The NBA has undergone a vast cultural shift in the 20 years since the Celtics ruled the game. Ever since the retirement of Larry Bird, the absence of truly exceptional, kick-ass white players has become a kind of an awkward topic. In 1992, the celebrated Olympic Dream Team featured four white members: Bird, John Stockton, Chris Mullins and Christian Laettner. That was on what was supposedly the finest team ever assembled. Now, with the Olympics beneath the interest of contemporary NBA players, the league still struggled greatly to find any white players worth selecting for Athens.

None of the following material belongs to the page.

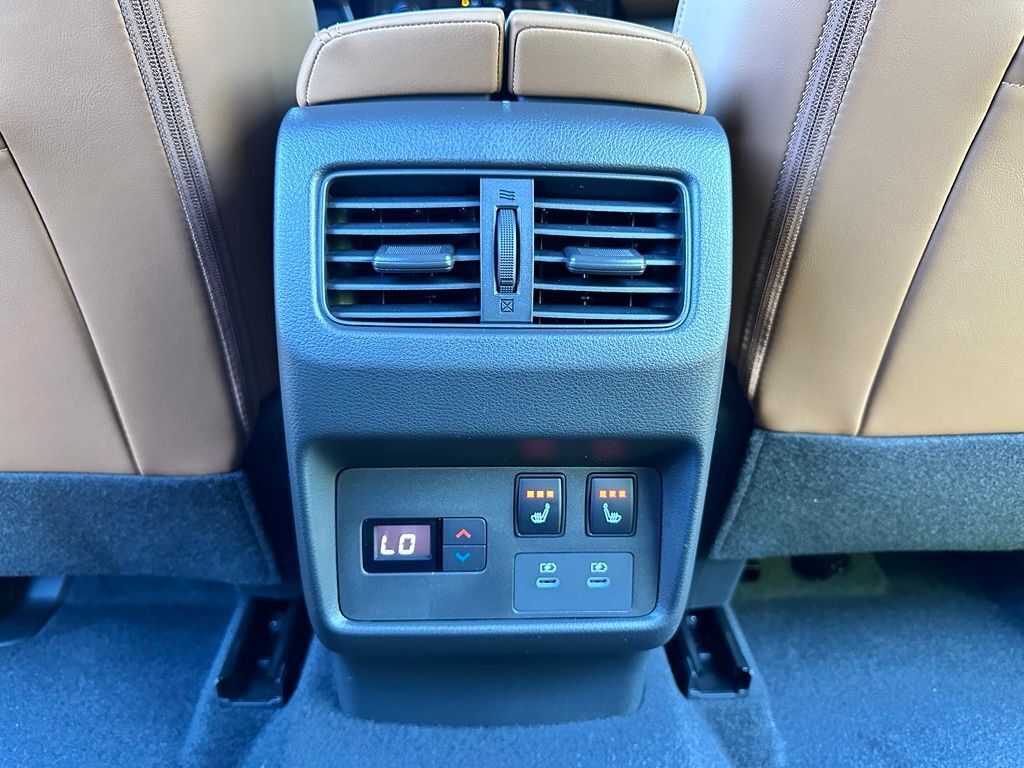 2026 Nissan Rogue Platinum San Clemente CA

When Bird entered the league in 1981, he immortally declaimed that he was "just a hick from French Lick", a town in Indiana. That hayseed sentiment and the sight of this country bumpkin engaging in an elemental dual against Magic Johnson re-invigorated the NBA. Bird represented all the values held dear in the Midwestern prairie belt populated predominantly by white farming communities; Johnson was a young, black, urban sophisticate, smiling as he went about inspiring a new generation of ghetto children with a style of basketball that was inimitable.

Then Jordan came along in 1984 with his dreamlike game of power and beauty, playing basketball in a way that appeared to rip up all the coaching manuals even though Jordan was among the most rigorous executioners of basic theory that ever lived.

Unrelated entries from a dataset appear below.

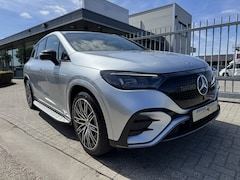 Mercedes-Benz EQE SUV - 350+ AMG Night Line 96 kWh trekhaak elect, memory, 360 camera, Advanced Soundsysteem, lich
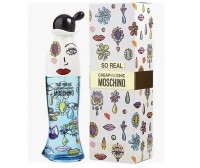 MOSCHINO CHEAPANDCHIC SO REAL FOR WOMEN 100 ml: Цвет: http://parfume-optom.ru/moschino-cheapandchic-so-real-for-women-100-ml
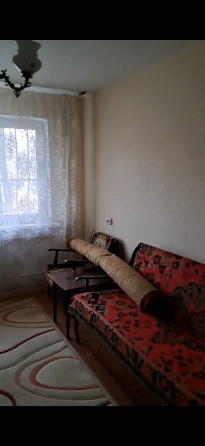 Продам 1комн квартиру Кировский район Семашко Донецк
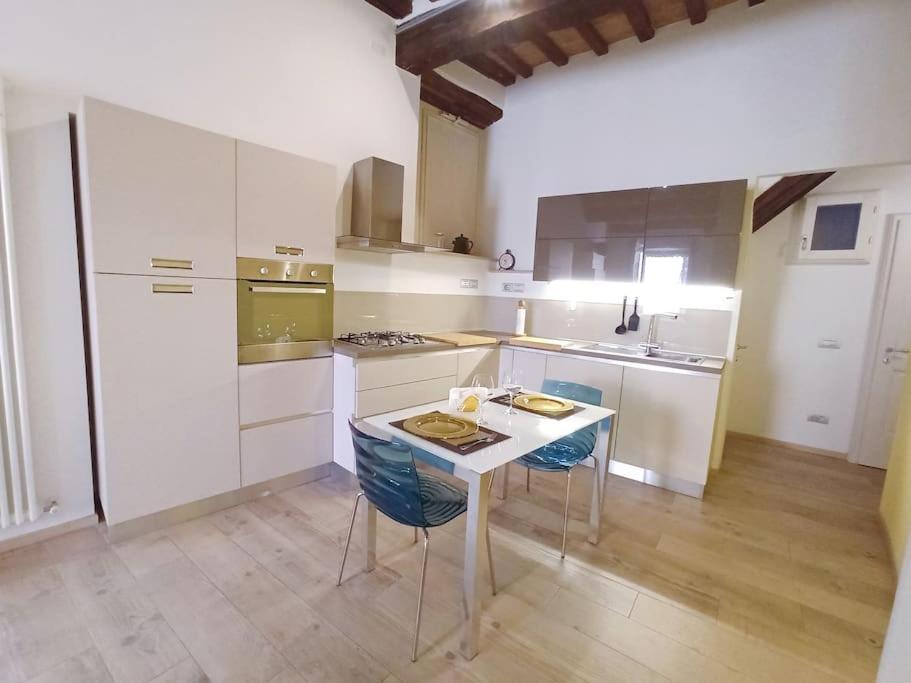Apartamento Casasofia Siena Exterior foto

Since that period, heirs to Larry Bird have been hard to find while Jordan has any number of pale imitators posturing as his successor. The game has become so much faster, it has gone street, mixing power and grace and individual brilliance - and mistakes. The league is 85 per cent black in racial make-up now and in image and style has changed irrevocably. That relatively sudden shift has created a degree of unease, and all the theory and criticisms levelled at the NBA are indirect complaints about the diminishing influence of white players. The pervasion of tattoos and rap music is constantly referred to in negative terms. The decline in standard shooting and passing is an oblique but unmistakable hint that contemporary NBA players (i.e., black players) do not have enough respect for the game to practice at it as former (white) stars did.

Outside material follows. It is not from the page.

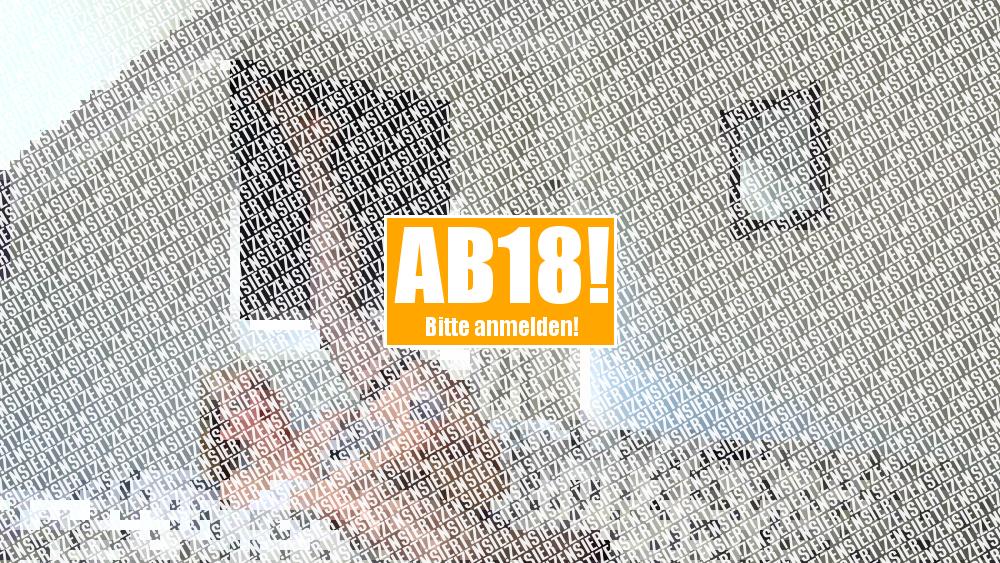 Immer noch Notgeil!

Modern NBA players are recruited from a tender age, often weeded out from deprived socio-economic backgrounds and advised very clearly that their path to a life of untold riches lay through basketball. By high school, they are either contenders or has-beens: by their early 20s, they are either millionaires or failures. The system is cold, its turnover ruthless, its material rewards infinite. It still contains the best athletes in the world. Yet although in spirit and style it belongs to the playground now, it is being aimed at an audience willing to believe the game still bears some relationship to the slow, methodical, jump-shooting and - yes - white game so revered across the American plains.

It has led to a strange scenario, the inverse of which would be Phil Mickelson walking up the 18th at Augusta to an almost exclusively black gallery. Like America itself, the NBA is brimming with racial undercurrents and every so often, when fissures appear, there is the potential for the anarchy that occurred last weekend.

What it all suggests, though, is that the NBA is in trouble. They used to call Bird the Great White Hope and there aren't any more of his type left. What remains is a fairly brutal set of stereotypes that harks all the way back to the days of Abe Lincoln.

As a professional athlete, Artest reacted irresponsibly. But would the denunciations have been quite so vocal and outraged if a white, "All-American" superstar responded similarly to having a container of beer thrown at him? And given America's history, is the sight of a white man throwing something at a black man who is, in essence, performing for the entertainment of that white man, not absolutely revolting and incendiary?

And when you think about it, isn't the wonder not that Ron Artest leaped into the crowd to take justice into his own hands but that it does not happen in American basketball theatres every night of the week?